You’d be forgiven for thinking that the study of Greek and Roman classics has been a particular casualty of the past decade’s furious culture wars. Recently, for example, we’ve witnessed everything from an editorial in Inside Higher Ed defending Socrates’ death sentence to the YA author of a “sapphic retelling of The Odyssey” admitting she never read the original poem in its entirety. More gravely, curricular changes have been considered or implemented, expelling Homer, Virgil, and other classical authors from syllabi, whether in American high schools or Oxford University’s Classics department.

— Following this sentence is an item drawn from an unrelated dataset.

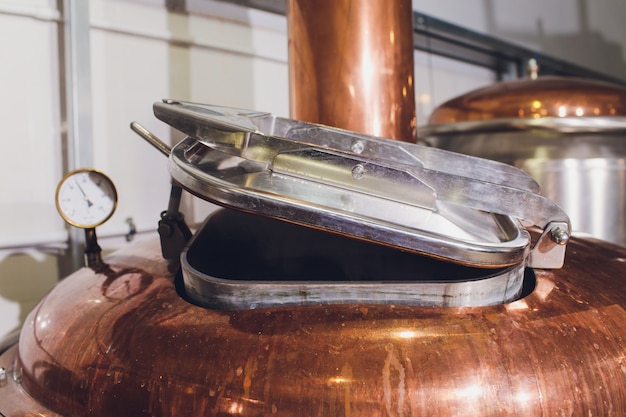 Craft Beer Brauanlage in Brauerei Metalltanks, Herstellung von alkoholischen Getränken.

Like many apparent novelties introduced by today’s social justice movement, however, attacking the classics is a long tradition pursued by writers and thinkers who are themselves luminaries of the Western canon. It’s a tradition that extends back to well before even the last round of culture wars in the late 20th century, which saw the publication of paradigm-shattering books like Edward Said’s Orientalism (which traced the East-West divide back to the Iliad), Martin Bernal’s Black Athena (which claimed that Greek civilization derived from African and Semitic sources), and I. F. Stone’s The Trial of Socrates (which emphasized that the Athenian philosopher was tried and sentenced to death essentially for opposing democracy).

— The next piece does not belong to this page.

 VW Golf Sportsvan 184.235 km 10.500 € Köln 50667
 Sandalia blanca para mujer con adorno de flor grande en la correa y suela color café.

For one thing, there has long been a tension between the worldview of Greek and Roman writers like Homer, Plato, Ovid, and Aurelius and the values enshrined in the Jewish and Christian testaments—hence the fundamental distinction many thinkers have made between Athens and Jerusalem or Hellenism and Hebraism. The classics celebrate worldly heroism, submission to the impersonal and amoral force of fate, a plurality of gods, and reason’s power to access metaphysical truth. The singular God of the Bible, by contrast, condemns rival deities, communicates through revelation, and commands humility and personal morality, not the warrior’s triumph or the philosopher’s insight. The Christian canon’s most memorable rebuke of the classical mentality comes when Dante places the classical Ulysses in Hell for his questing hubris and immoderate desire, later championed by Tennyson in an era of imperial expansion, to “sail beyond the sunset.”

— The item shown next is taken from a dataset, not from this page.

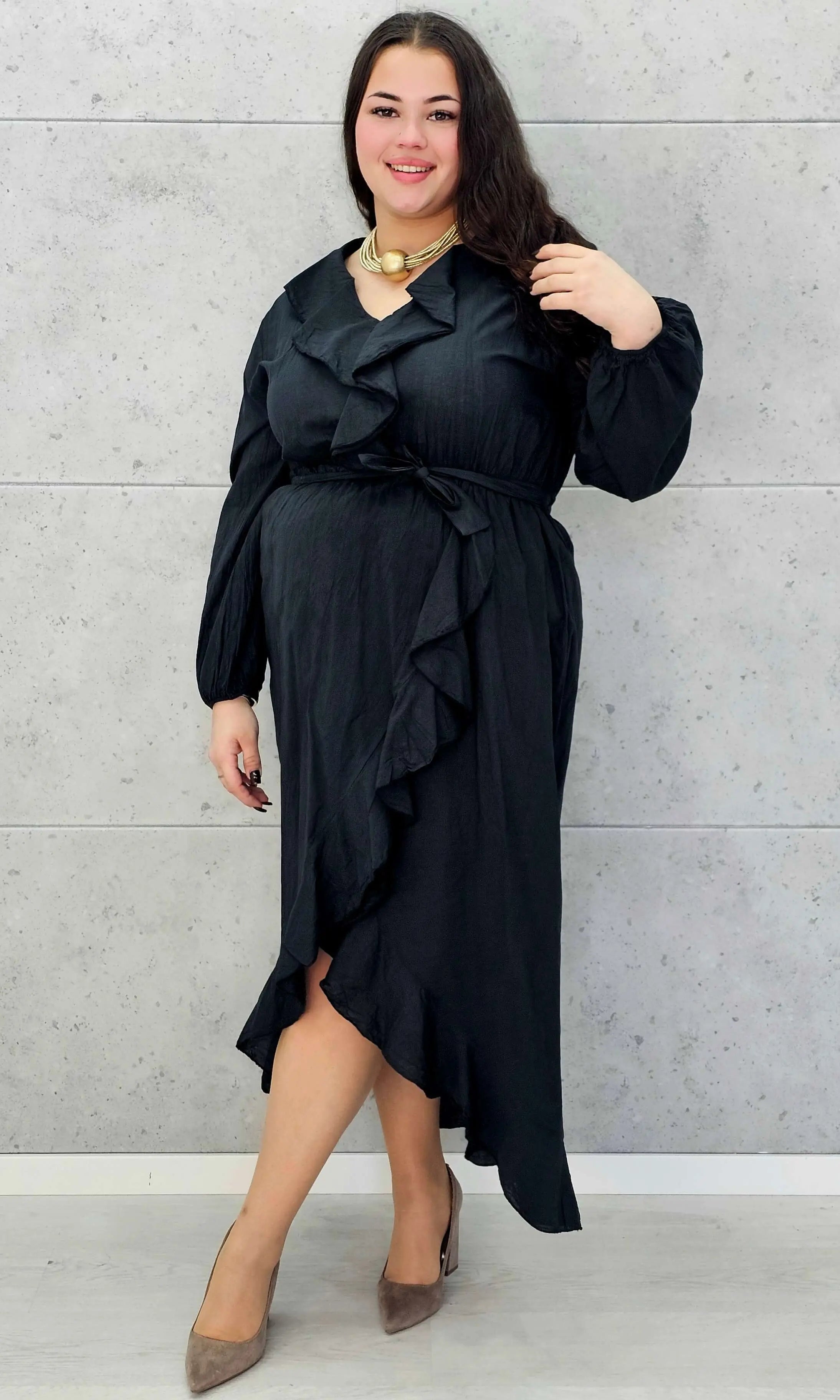 Sukienka z falbanką - Moda Plus Size - Stylowa XL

Modern authors have often pursued a more secular version of the same argument: that classics promote a dangerous amorality, one incongruous with emerging democratic thought. According to Ian Watt’s pioneering study The Rise of the Novel, Puritan writers Daniel Defoe and Samuel Richardson, middle-class men who lacked the aristocrat’s classical education, both rejected the epic as a backward, barbarous survival of violent and undemocratic ages. Instead of writing to a Homeric or Virgilian heroic model, they wrote what they saw and felt, inventing the realistic modern novel in the process.

Likewise, among the Romantic poets, William Blake exclaims in a note “On Homer’s Poetry,” “The Classics! It is the Classics, and not Goths nor Monks, that desolate Europe with wars.” With his idiosyncratic and visionary faith, Blake renews the Christian charge against the classics’ seemingly nihilistic celebration of the warrior’s triumph—a very un-Christ-like ethos. He also hints at a political motive when he defends his ancestors, Northern Europe’s indigenous peoples, the Goths, deprecated as warlike barbarians by Greco-Roman colonizers. The claim, Blake implies, is pure projection.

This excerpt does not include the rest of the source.